My favorite way to cook and store beans:
            To eat fresh, collect beans before the seeds get large.  You should just see the seeds starting to develop inside, but they will be too tough once the seeds begin to fill in and bulge.  Cut in pieces, simmer or steam till you can poke with a fork but before they get limp and soft, about 7-8 minutes.  (Or just after the purple color turns to deep green.)  Then butter and salt and serve as a side dish.  Or add a little chopped garlic and butter the last few minutes you are cooking the beans and let it cook a bit.  Then drizzle a little olive oil on.  Simple but wonderful.

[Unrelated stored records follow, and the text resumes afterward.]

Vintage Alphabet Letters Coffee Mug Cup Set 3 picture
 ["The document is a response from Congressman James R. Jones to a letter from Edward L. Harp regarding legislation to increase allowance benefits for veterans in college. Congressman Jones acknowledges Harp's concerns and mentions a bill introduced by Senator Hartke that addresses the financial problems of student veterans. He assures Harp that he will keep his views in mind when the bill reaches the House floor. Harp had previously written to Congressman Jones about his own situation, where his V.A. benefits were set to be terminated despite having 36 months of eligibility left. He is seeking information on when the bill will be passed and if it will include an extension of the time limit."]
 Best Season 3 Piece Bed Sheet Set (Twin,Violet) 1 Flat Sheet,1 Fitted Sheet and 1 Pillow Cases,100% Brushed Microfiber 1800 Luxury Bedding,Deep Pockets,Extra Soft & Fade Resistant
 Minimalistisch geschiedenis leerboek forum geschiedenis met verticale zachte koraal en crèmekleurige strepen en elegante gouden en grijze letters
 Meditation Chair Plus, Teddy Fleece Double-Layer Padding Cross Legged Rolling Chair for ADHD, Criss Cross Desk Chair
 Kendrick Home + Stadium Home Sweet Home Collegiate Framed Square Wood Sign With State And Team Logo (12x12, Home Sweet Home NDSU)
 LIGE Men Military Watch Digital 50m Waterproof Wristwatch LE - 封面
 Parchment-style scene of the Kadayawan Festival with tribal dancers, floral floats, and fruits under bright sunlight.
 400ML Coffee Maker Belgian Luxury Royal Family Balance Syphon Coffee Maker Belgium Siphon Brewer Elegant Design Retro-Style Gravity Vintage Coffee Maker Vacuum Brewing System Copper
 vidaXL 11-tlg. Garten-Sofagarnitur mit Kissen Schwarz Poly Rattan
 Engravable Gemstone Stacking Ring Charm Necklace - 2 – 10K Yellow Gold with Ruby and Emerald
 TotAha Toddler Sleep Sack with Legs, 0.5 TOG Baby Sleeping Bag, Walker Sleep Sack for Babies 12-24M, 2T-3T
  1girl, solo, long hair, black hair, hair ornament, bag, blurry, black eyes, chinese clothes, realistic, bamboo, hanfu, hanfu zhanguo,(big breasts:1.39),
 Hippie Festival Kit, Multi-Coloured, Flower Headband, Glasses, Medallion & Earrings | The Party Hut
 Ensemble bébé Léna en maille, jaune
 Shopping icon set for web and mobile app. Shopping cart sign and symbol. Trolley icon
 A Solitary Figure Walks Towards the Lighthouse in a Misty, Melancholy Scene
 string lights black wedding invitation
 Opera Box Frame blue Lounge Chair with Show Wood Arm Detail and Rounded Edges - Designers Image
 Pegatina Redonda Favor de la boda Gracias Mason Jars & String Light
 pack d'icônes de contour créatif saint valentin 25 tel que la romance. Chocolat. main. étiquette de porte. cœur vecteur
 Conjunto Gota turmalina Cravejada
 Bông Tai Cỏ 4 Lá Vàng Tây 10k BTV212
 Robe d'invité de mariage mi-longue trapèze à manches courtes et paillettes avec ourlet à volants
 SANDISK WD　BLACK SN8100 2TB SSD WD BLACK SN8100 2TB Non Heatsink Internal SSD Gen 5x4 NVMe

            To freeze:  Cut uncooked beans, submerge in a pot of boiling water for 1 minute.  Remove and cool quickly in cold water.  Let drip dry for a few minutes then pack into freezer bags (one meal’s worth per quart-sized zip-lock).  Wrap in foil, label, put in freezer in a place you will remember to use them.  I’m going to have a list on my fridge next year which details what I have stored and where.  If not, it’s out of sight, out of mind.  And when it's time to cook them, it just takes a few minutes.  Blanched beans only take a short time to cook.  Keep that in mind! 

            Hope you discover the delight of fresh peas and beans.  And if you can, save the extra dried seeds in a jar to look at every now and then.  Just gorgeous!  God is good!